_EXERCISE DESCRIPTION:_
Only the lines from the one that contains "Photo 50 for" through the last line of the data below should be duplicated, exactly and without pictures.

_DATA SHOWN:_
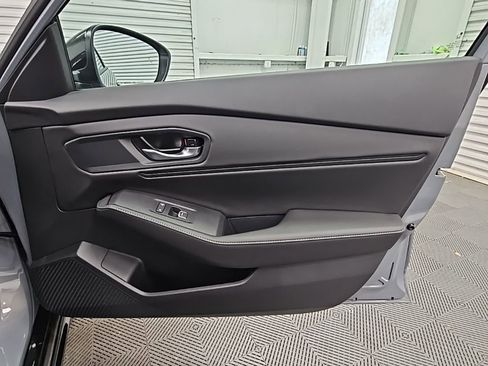 New 2026 Honda Accord Sport image 40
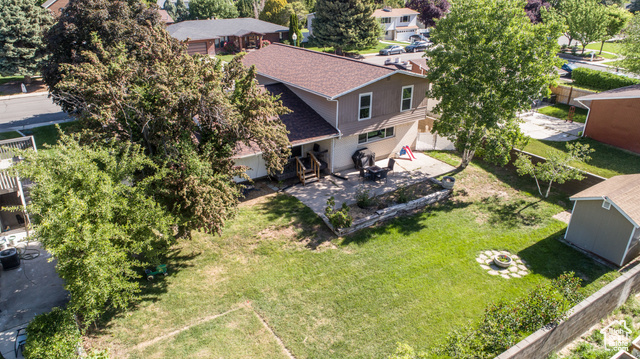 Photo 50 for MLS #2087266 at 1070 E 120 South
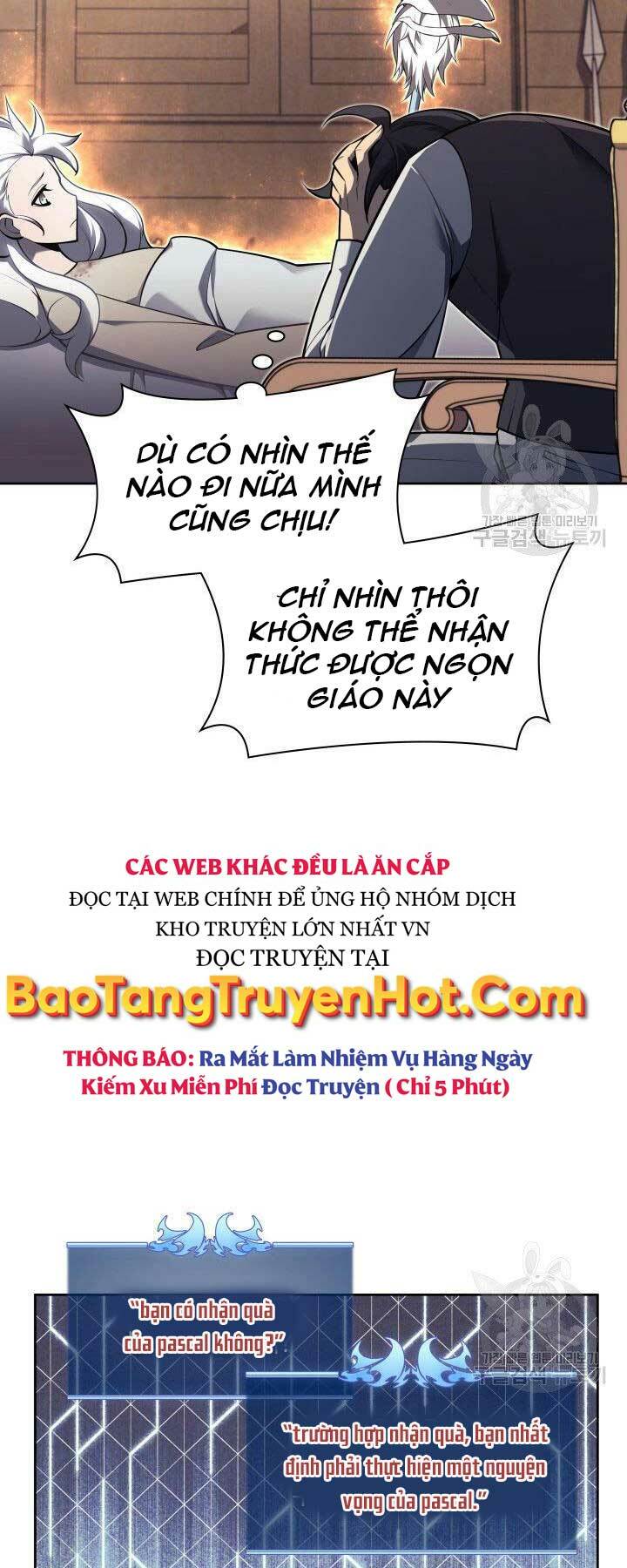 Thợ Rèn Huyền Thoại Chapter 144 - Trang 2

_EXERCISE SOLUTION:_
 Photo 50 for MLS #2087266 at 1070 E 120 South
 Thợ Rèn Huyền Thoại Chapter 144 - Trang 2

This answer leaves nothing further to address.